Squawk! Squawk! Da-da-da dah, da-da-da dah, da-da-da-da-da-da-da dah…
I know. I know. A week away from Easter I had to break my Angry Birds fast. I was so close! Jesus wept. I didn’t play long, just three rounds of “Ham ’em High” (there were new levels!) where the pigs were on the train, and the next one where they are under a dangling bridge… and then I felt dirty. Dirty dirty dirty. Remember how Piper Laurie felt when she confessed to Sissy Spacek in “Carrie” about her husband coming home that night with whiskey on his breath?

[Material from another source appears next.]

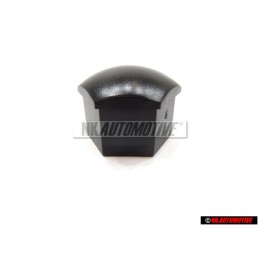 Original VW Wheel Bolt Cover Lug Nut Cap Black - 321601173A 01C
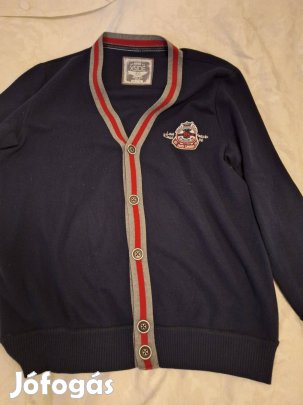 Sötétkék férfi kardigán L-es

No app games since, though I did play “Toy Story 3” on the PS3 with Benjamin (he was sick! It was bonding!) I’ll be able to hold off now until the Resurrection, mostly because I’ll be baking AND because I found a new, healthy alternative to games, something quick and fun and entertaining!
It’s good. Really laugh-out-loud funny, and in easy, snack-size portions. If you like “30 Rock” and Liz Lemon, this is just more yummy goodness. (She writes just like my friend Sue Ferrara talks. Amazing.) If you don’t like “30 Rock,” (yes Mom, I know you can’t stand her AND that Baldwin fellow) then by all means, shun the book, or better yet, buy a copy and bring it to the book-burning that I’m sure Sarah Palin is organizing right about now.
All right, must go and make a pizza rustica. And sticky buns. Maybe a brioche.